EXERCISE DIRECTIONS -> Copy the lines below, word for word, from the first through the line containing "Cvikla S CHRENOM". Leave the pictures out.

INPUT RECORDS ->
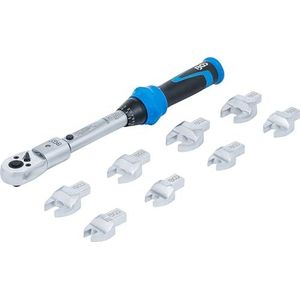 BGS - 7192 - Momentsleutelset - 10-dlg. - voor 9 x 12 mm insteekgereedschap - 6-30 Nm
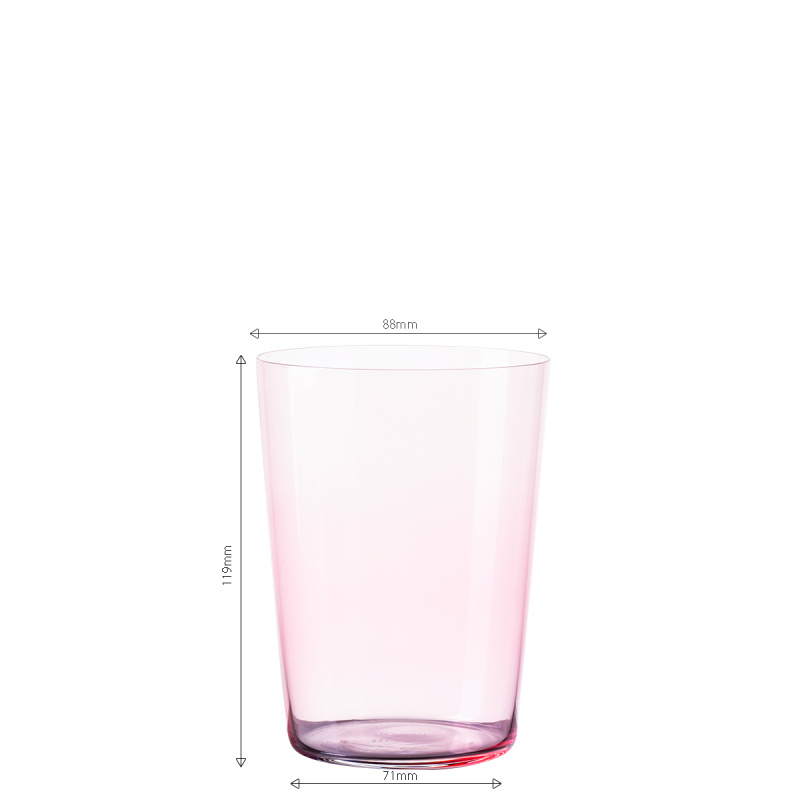 Szklanki Tumbler czerwone 515 ml zestaw 6 szt. – 21st Century Glas Lunasol META Glass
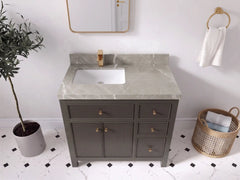 Sonoma 36 in. W x 22 in. D Left Offset Sink Bathroom Vanity - photo 29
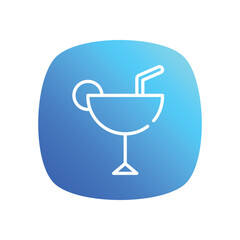 Cocktail icon vector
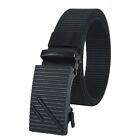 Sports Casual Elastic Nylon Belt Breathable Tactical Waistbelt Alloy Buckle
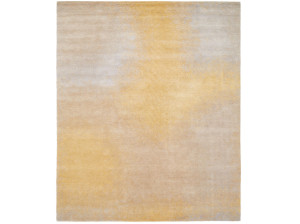 Прямоугольный ковер ручной работы из шерсти и шелка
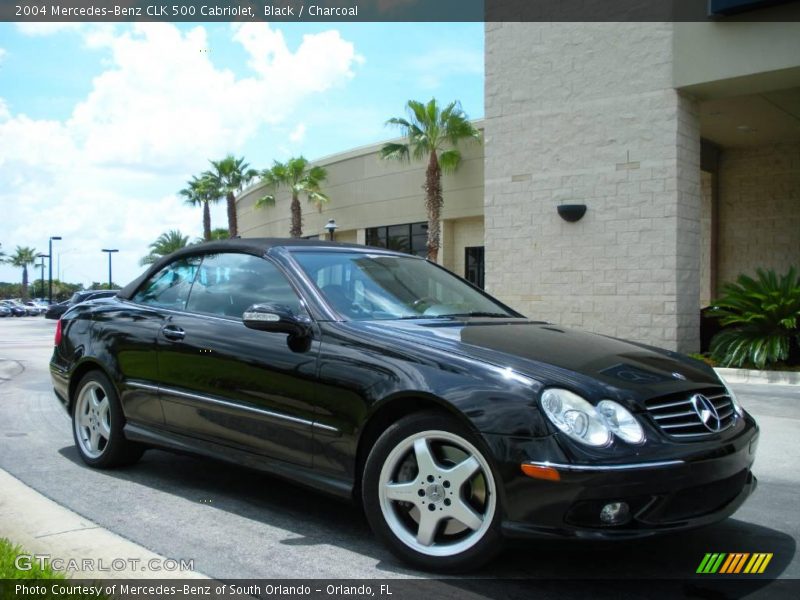 Black / Charcoal 2004 Mercedes-Benz CLK 500 Cabriolet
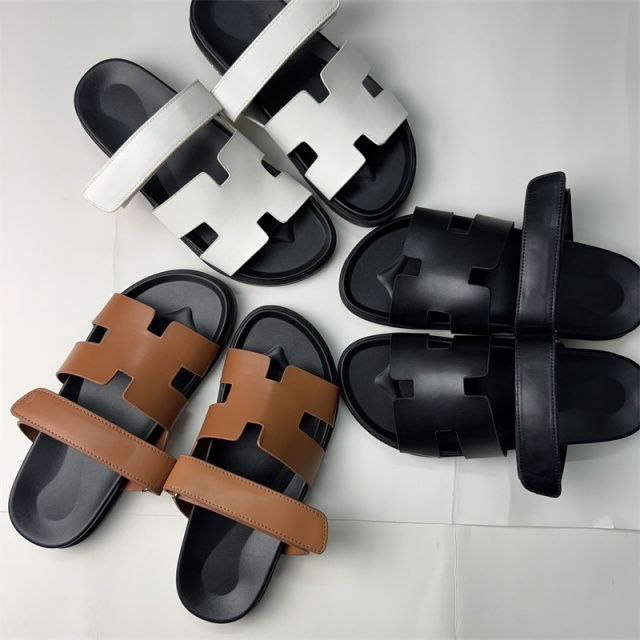 Luxury Fashion Men Velcro Flat Sandals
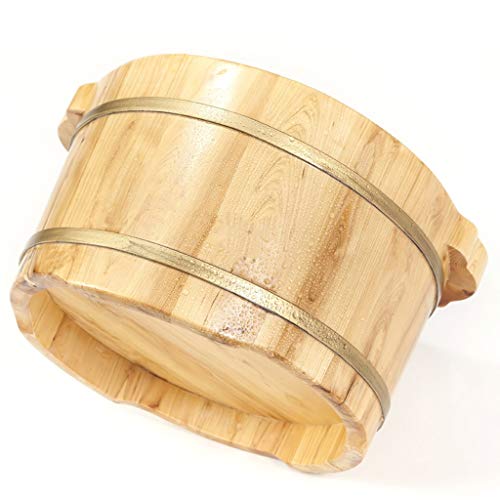 Spa de pies grande de madera Katzowen 21 cm miniatura 2
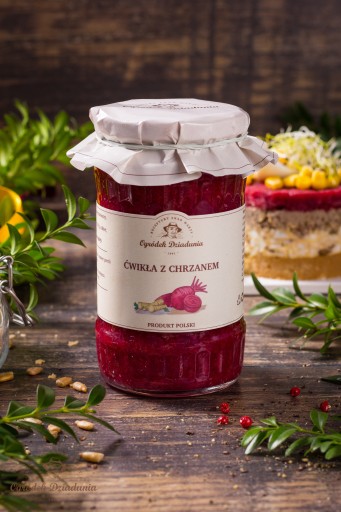 Cvikla S CHRENOM Cvikla DOMÁCI RECEPT 350g Ogródek Dziadunia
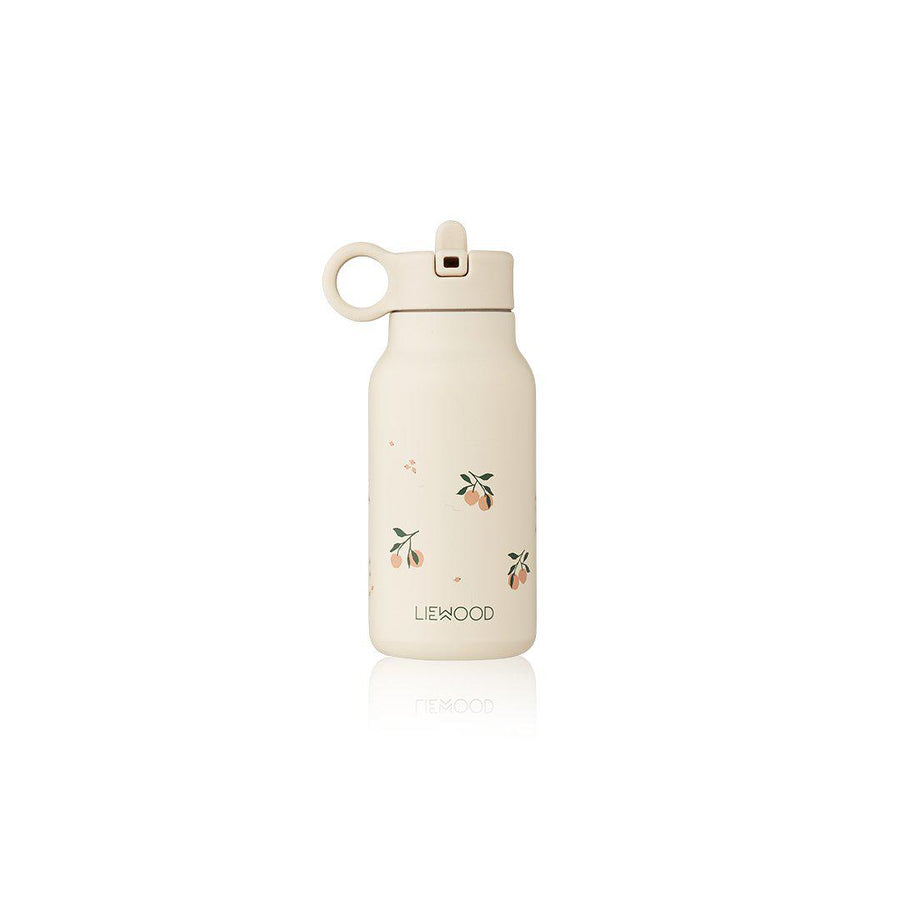 Liewood Falk Water Bottle - Peach - Seashell Mix (250ml)-Drinking Bottles-Seashell Mix-250ml | Natural Baby Shower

REPLY ->
 BGS - 7192 - Momentsleutelset - 10-dlg. - voor 9 x 12 mm insteekgereedschap - 6-30 Nm
 Szklanki Tumbler czerwone 515 ml zestaw 6 szt. – 21st Century Glas Lunasol META Glass
 Sonoma 36 in. W x 22 in. D Left Offset Sink Bathroom Vanity - photo 29
 Cocktail icon vector
 Sports Casual Elastic Nylon Belt Breathable Tactical Waistbelt Alloy Buckle
 Прямоугольный ковер ручной работы из шерсти и шелка
 Black / Charcoal 2004 Mercedes-Benz CLK 500 Cabriolet
 Luxury Fashion Men Velcro Flat Sandals
 Spa de pies grande de madera Katzowen 21 cm miniatura 2
 Cvikla S CHRENOM Cvikla DOMÁCI RECEPT 350g Ogródek Dziadunia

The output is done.